# [Problem requirements]
Any pictures in the records below must be left out when you repeat the lines from the line containing "El Regalo 1" through the line containing "Ultra-orthodox Jewish men" exactly.

# [Records shown]

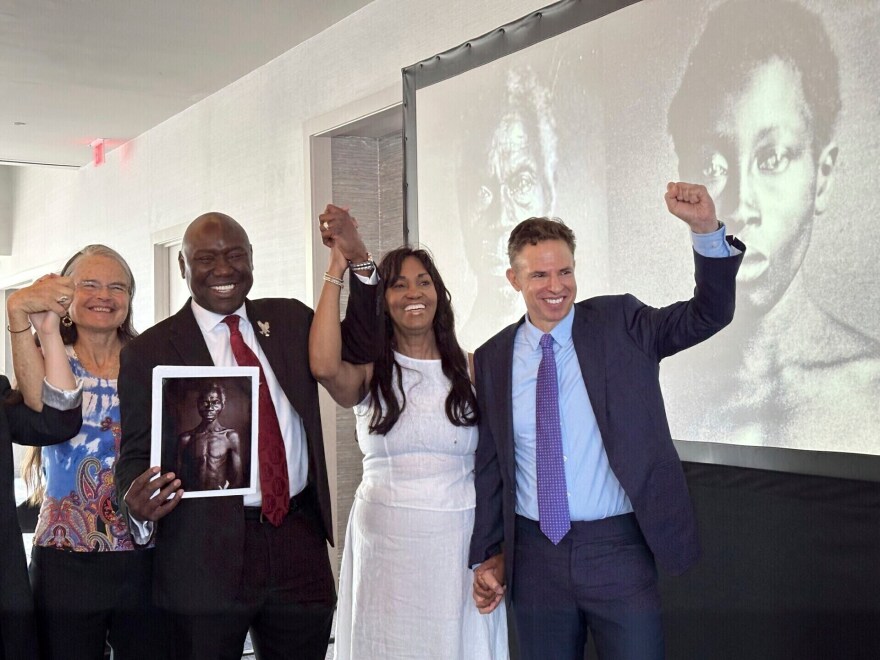 FILE - Susanna Moore, left, the great-great-great-granddaughter of Harvard biologist Louis Agassiz, celebrates with Tamara Lanier, second right, and attorneys Ben Crump and Josh Koskoff at the Boston Marriott Long Wharf hotel, May 28, 2025, in Boston, Mass. (AP Photo/Leah Willingham, File)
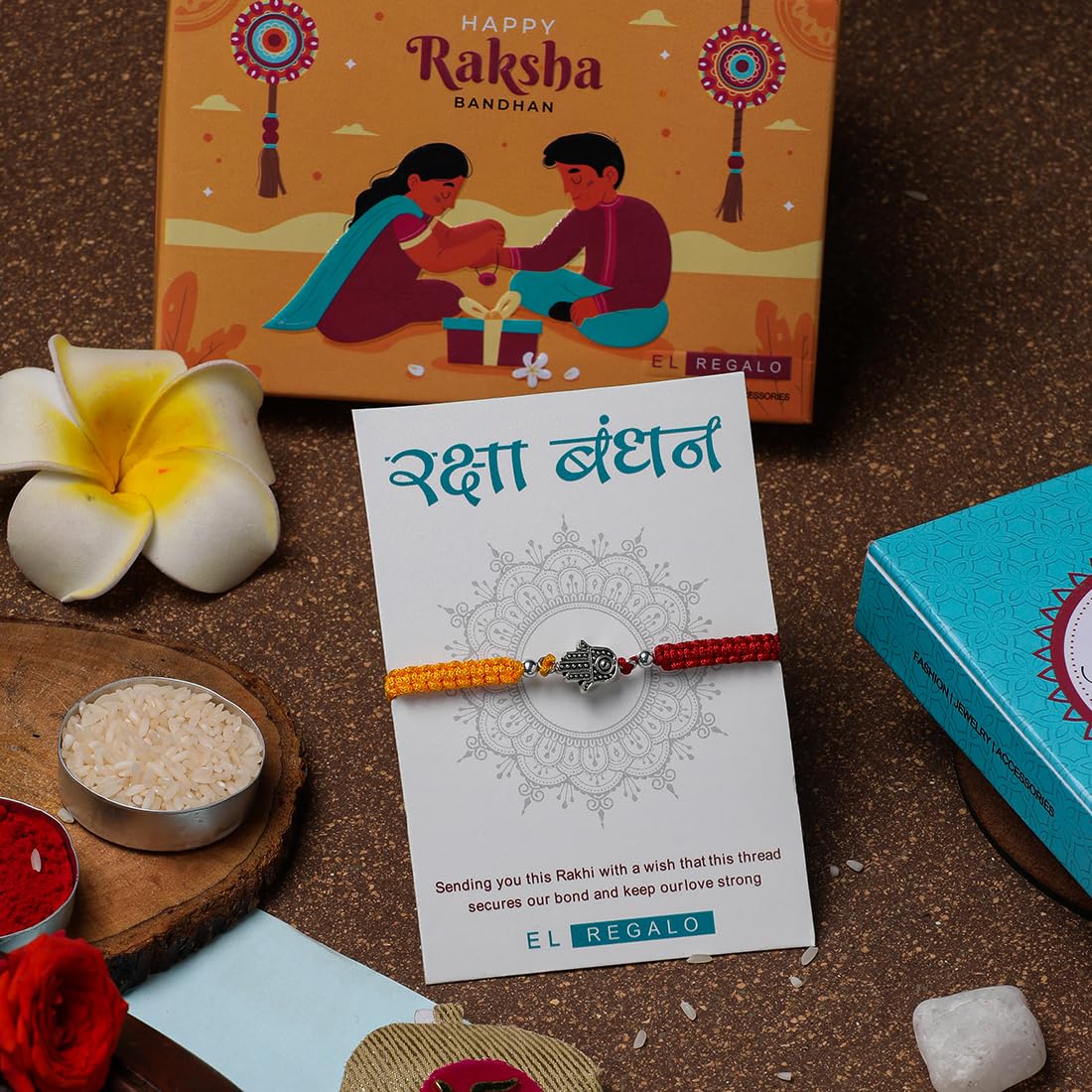 El Regalo 1 PC Designer Tassel Moli Rakhi, Hamsa Hand Moli Rakhi for Bhaiya - Rakshabandhan Red & Yellow Thread Rakhi with Message Card & Roli Chawal Shagun in Rakhi Box
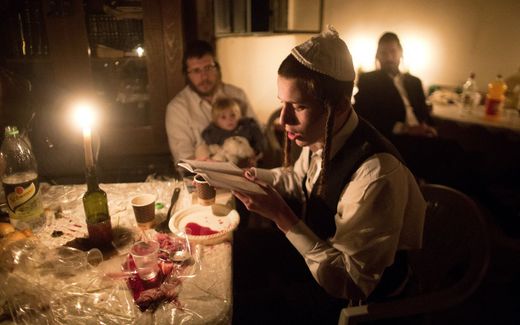 Ultra-orthodox Jewish men share a candle light diner to celebrate the Jewish ritual of "Sheva Brachot" (the seven blessings), also known as the wedding blessings. Photo AFP, Menahem Kahana

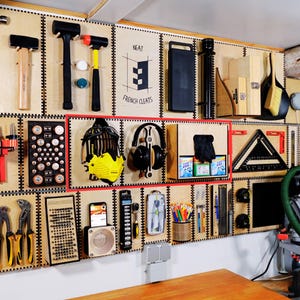 May include: A wall-mounted storage system with various tools and items organized on wooden shelves. The shelves are labeled "Neat French Cleats". The system features a variety of tools, including hammers, a pair of headphones, a small radio, and a set of rulers.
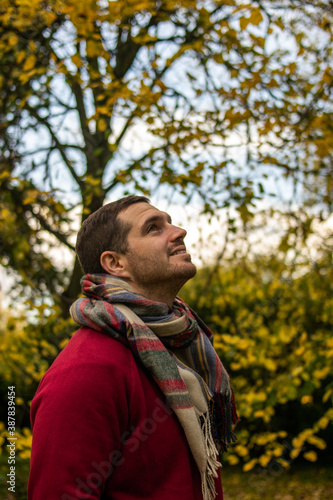 Photo of a young and attractive man wearing a scarf looking to the trees that surround him, enjoying a beautiful autumn day in nature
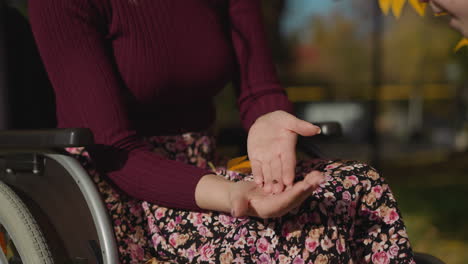 una mujer joven se sienta en silla de ruedas mirando a la mariquita en la palma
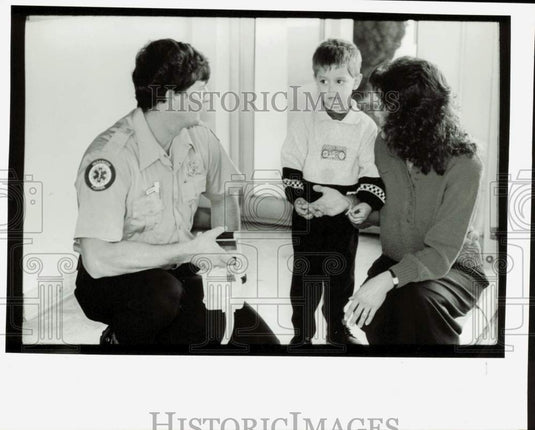 1992 Press Photo Paramedic Chris Vaughn talks with Rosemarie and Logan Cruz.- Historic Images
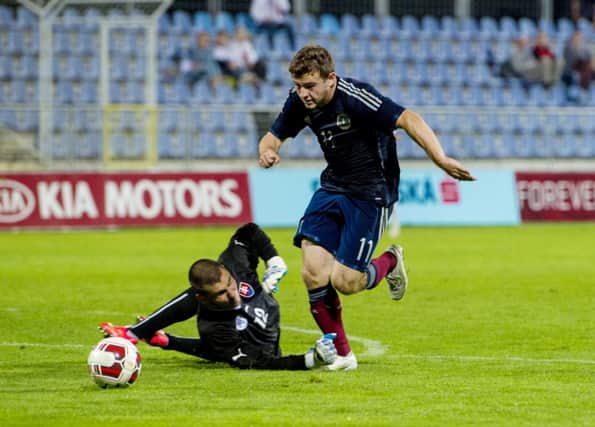 Ryan Fraser rounds keeper Dobrivoj Rusov to open the scoring for Scotland. Picture: SNS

# [Written solution]
 El Regalo 1 PC Designer Tassel Moli Rakhi, Hamsa Hand Moli Rakhi for Bhaiya - Rakshabandhan Red & Yellow Thread Rakhi with Message Card & Roli Chawal Shagun in Rakhi Box
 Ultra-orthodox Jewish men share a candle light diner to celebrate the Jewish ritual of "Sheva Brachot" (the seven blessings), also known as the wedding blessings. Photo AFP, Menahem Kahana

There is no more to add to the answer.